_MATERIAL SHOWN_
------------------------------
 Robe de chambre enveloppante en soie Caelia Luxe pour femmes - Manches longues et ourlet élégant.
------------------------------
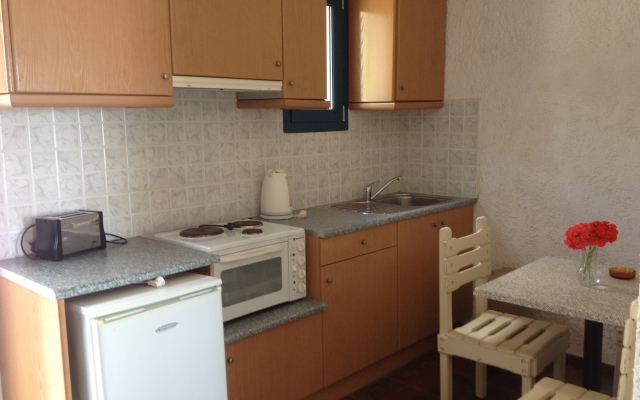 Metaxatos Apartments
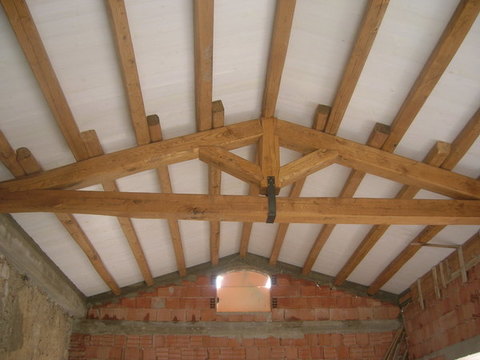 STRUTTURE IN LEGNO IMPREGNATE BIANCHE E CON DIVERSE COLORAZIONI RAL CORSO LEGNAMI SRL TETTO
------------------------------
_WHAT THIS TASK INVOLVES_
Look above for the line with "Metaxatos Apartments" and the line with "STRUTTURE IN LEGNO", then copy them and all lines in between exactly as written, and only those, without any pictures.

_ANSWER TO THE EXERCISE_
 Metaxatos Apartments
 STRUTTURE IN LEGNO IMPREGNATE BIANCHE E CON DIVERSE COLORAZIONI RAL CORSO LEGNAMI SRL TETTO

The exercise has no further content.